** YOUR GOAL **
Beneath this instruction is a listing. Transcribe from it only the stretch from the line with "Volvo S90 II" through the line with "Lady Gaga anulon", both end lines included, exactly as written.

** INFORMATION SUPPLIED **
● ● ● ●
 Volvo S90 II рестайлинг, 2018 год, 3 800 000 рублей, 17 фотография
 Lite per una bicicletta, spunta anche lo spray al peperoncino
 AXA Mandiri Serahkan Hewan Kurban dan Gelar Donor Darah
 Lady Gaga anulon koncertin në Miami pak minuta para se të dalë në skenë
● ● ● ●
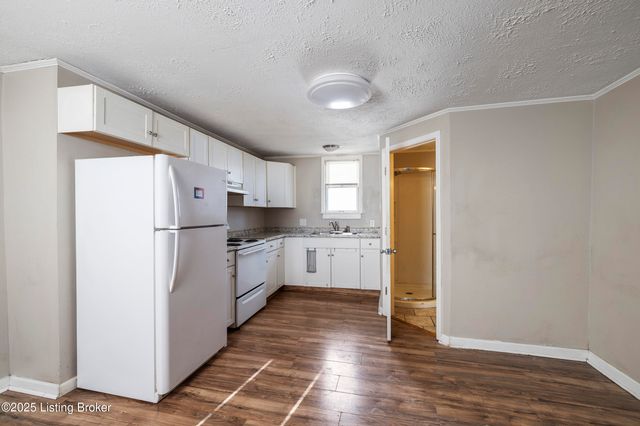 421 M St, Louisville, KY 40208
● ● ● ●
** RESULT BELOW **
 Volvo S90 II рестайлинг, 2018 год, 3 800 000 рублей, 17 фотография
 Lite per una bicicletta, spunta anche lo spray al peperoncino
 AXA Mandiri Serahkan Hewan Kurban dan Gelar Donor Darah
 Lady Gaga anulon koncertin në Miami pak minuta para se të dalë në skenë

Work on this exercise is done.